# £200 Reward for missing cat - Brixton area



## Laura Fawzia (Sep 18, 2015)

Cat missing 11/9/2015

BRIXTON / STOCKWELL

07584 0414 82


----------



## editor (Sep 18, 2015)

*moved to the Noticeboard forum


----------



## Manter (Sep 18, 2015)

Hope you find him/her!


----------



## Manter (Sep 18, 2015)

Incidentally, there are quite a few garages and so on behind the flats on Brixton road, and sheds etc on the allotments, so you may need to do a door to door leaflet drop asking people to check


----------



## Laura Fawzia (Sep 18, 2015)

Thanks, thats what I'm doing today, just getting sme flyers done with her photo. Cheers guys sorry for wrong forum, noew user. Xx


----------



## Laura Fawzia (Sep 18, 2015)

*new


----------



## editor (Sep 18, 2015)

Could you give a bit more of an idea as to the rough location of where the cat was last seen?


----------



## sim667 (Sep 18, 2015)

Hi laura.... its Sim (yes as in actual Sim from Redhill/Reigate). 

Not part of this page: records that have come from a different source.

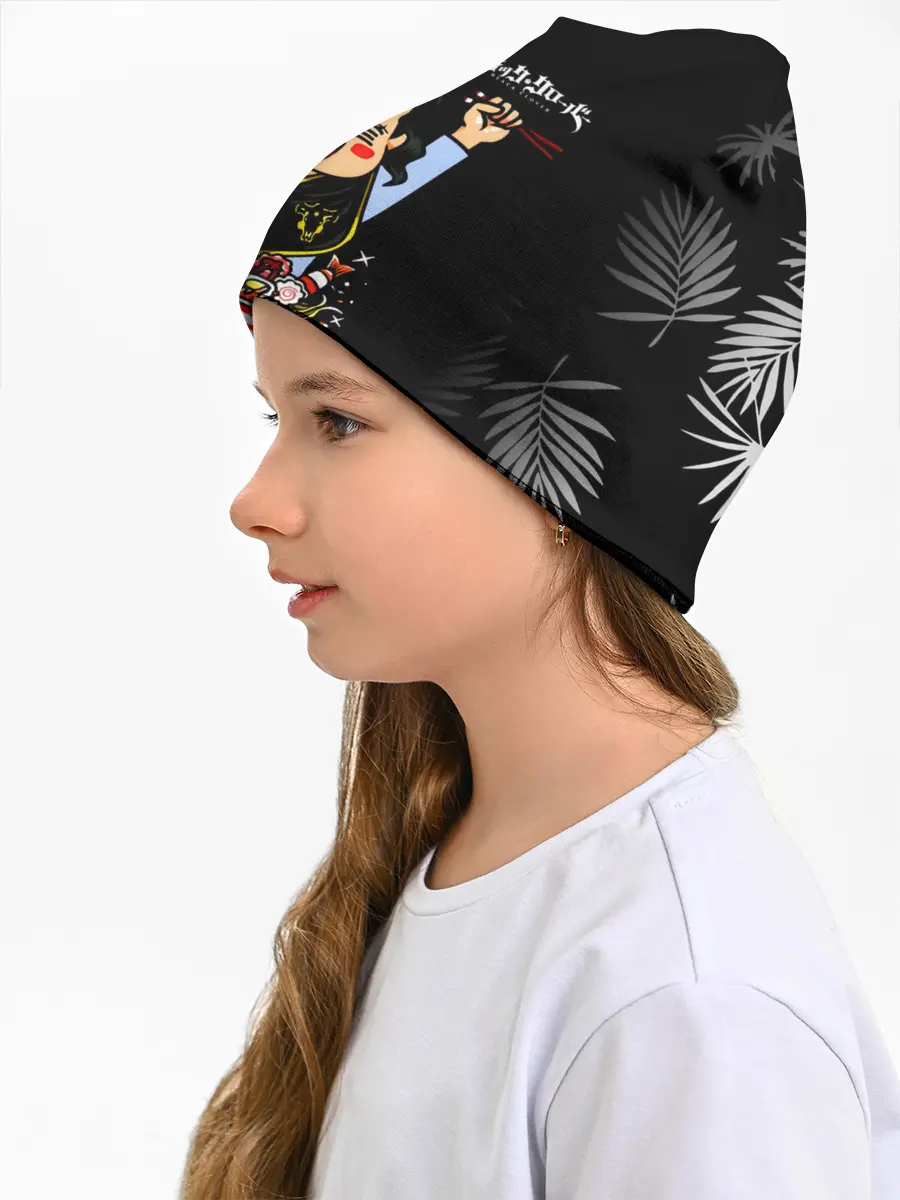 Детская шапка / Чами Паппитсон Чёрный клевер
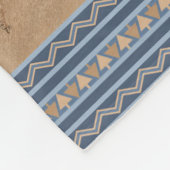 Zuidwestelijke Pronghorn Antelopes Blauwe Rand Kle Fleece Deken (Hoek)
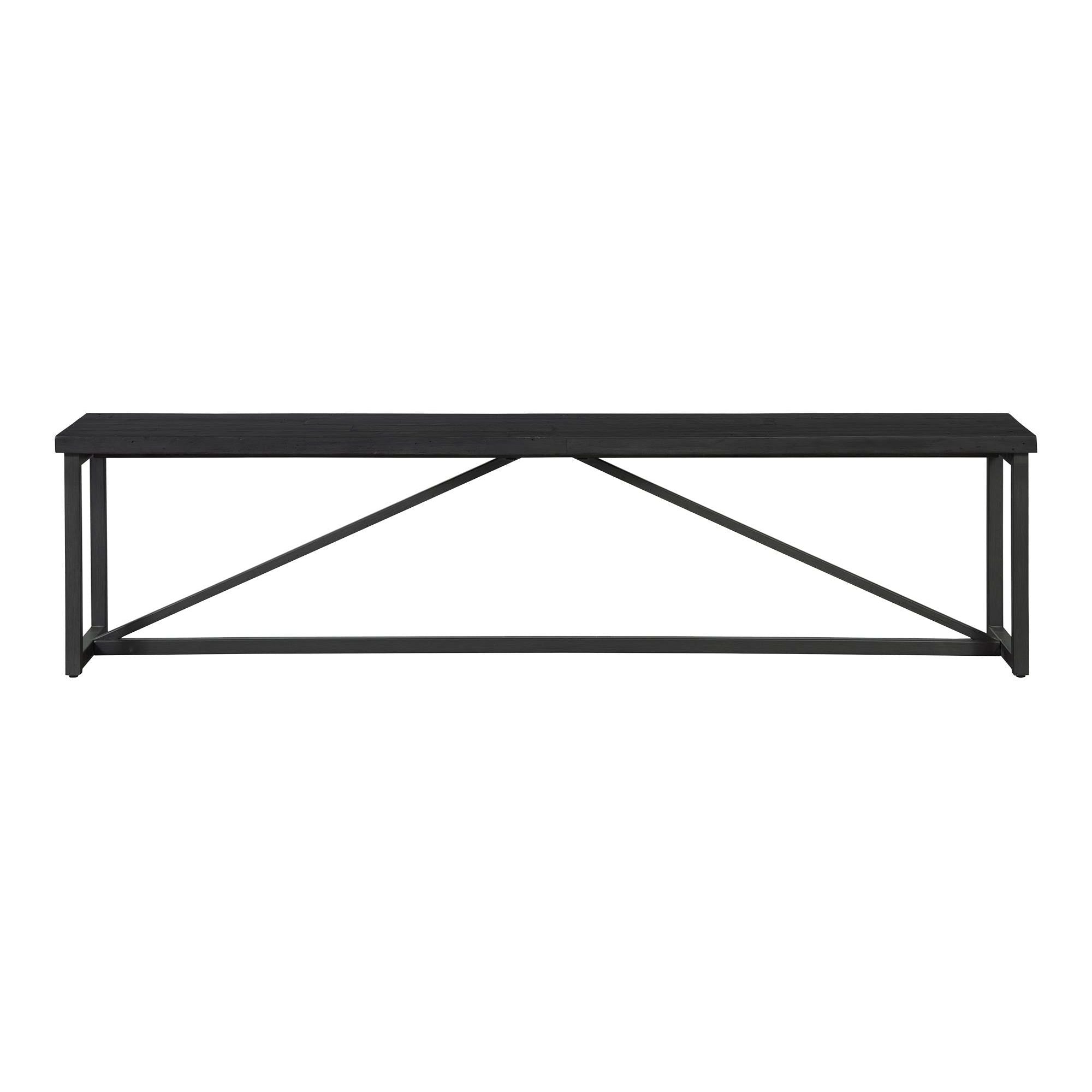 Moe's Home Sierra Bench Black - Image 1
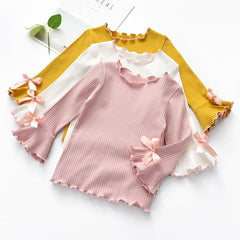 Girl Clothes Soft Color Long-sleeved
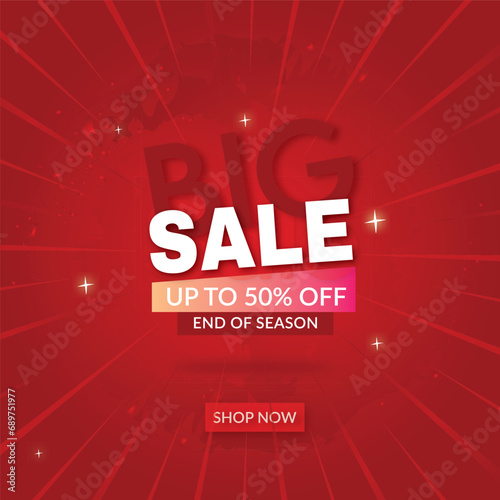 Big Sale Banner with Promotion Discount post template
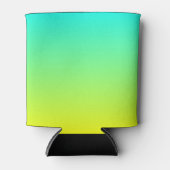 カラフルグラデーションイエローライムグリーンターコイズ 缶クーラー (正面)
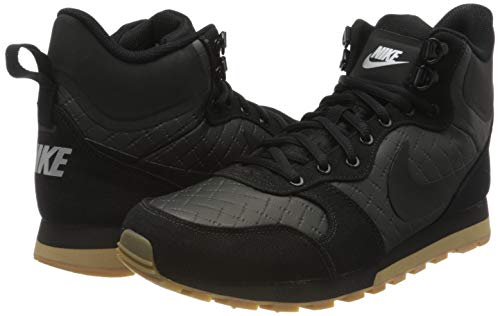 Nike Wmns MD Runner 2 Mid Prem, Botas de Senderismo Mujer, Negro (Black/Black/Gum Light Brown 004), 40.5 EU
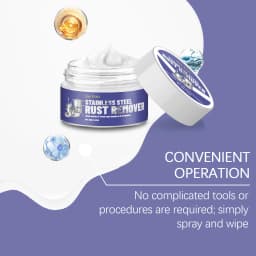 100G Stainless Steel Cleaner Paste Quick Dissolve Stubborn Dirts Remove Rust Stain Easily Polishing Enhance Gloss Oven Hood Cleaning Paste
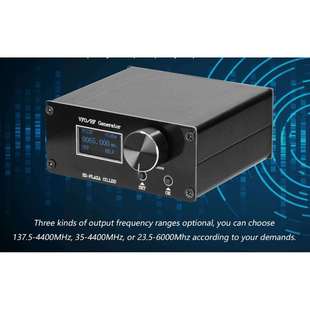 0.5PPM射频信号源23.5-6000M 点频扫频 幅度可调内置电池可充电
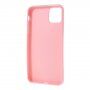 Gladde plastic hoes voor iPhone 11 - rozig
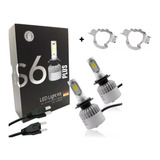 Kit Cree Led  16000 Lm H7 + Adaptador Chapita  Vw Bora Vento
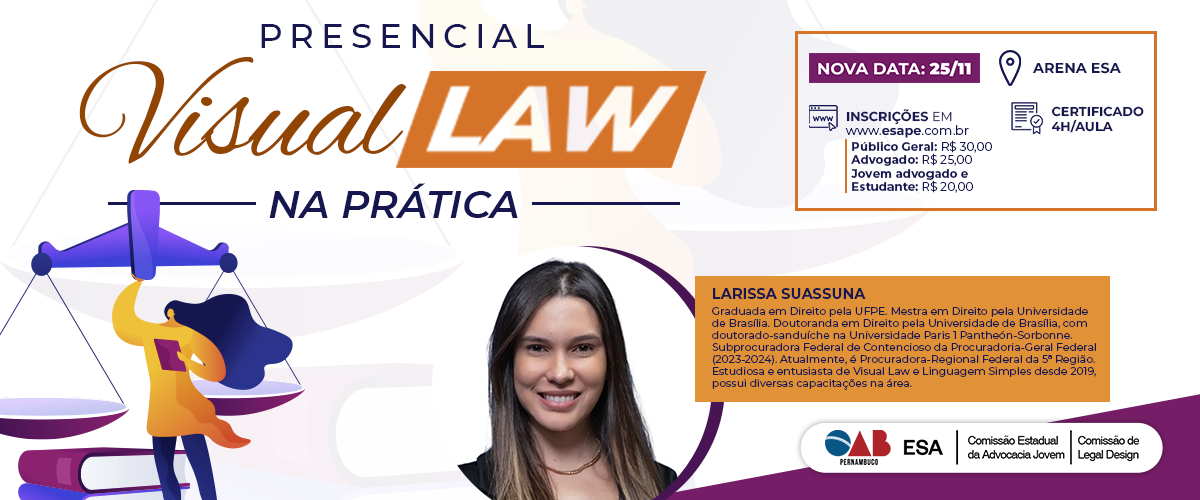 Dia: 27/10 - "Visual Law na prática" Detalhes
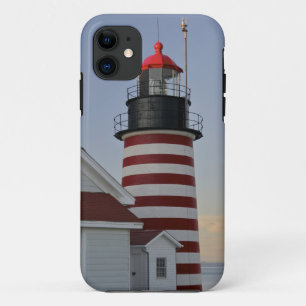 Capa Para iPhone Da Case-Mate EUA, Maine, Lubec. Farol West Quoddy Head,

I hope you find your cat. There's a lot of brixton types here so its probably a good call to post the missing post here.


----------



## Laura Fawzia (Sep 18, 2015)

Safe Sim, thanks Ed.... THIS CAT HAS NOW BEEN FOUND!! Thank you so much to all who shared, and re-shared, and cared_._The world is beautiful!


----------



## sim667 (Sep 18, 2015)

Laura Fawzia said:


> Safe Sim, thanks Ed.... THIS CAT HAS NOW BEEN FOUND!! Thank you so much to all who shared, and re-shared, and cared_._The world is beautiful!



Good to hear..... stick around, I think you'll like the politics forums


----------



## Puddy_Tat (Sep 18, 2015)

sim667 said:


> Good to hear..... stick around, I think you'll like the politics forums



...and post more cat pictures

glad kitty is home


----------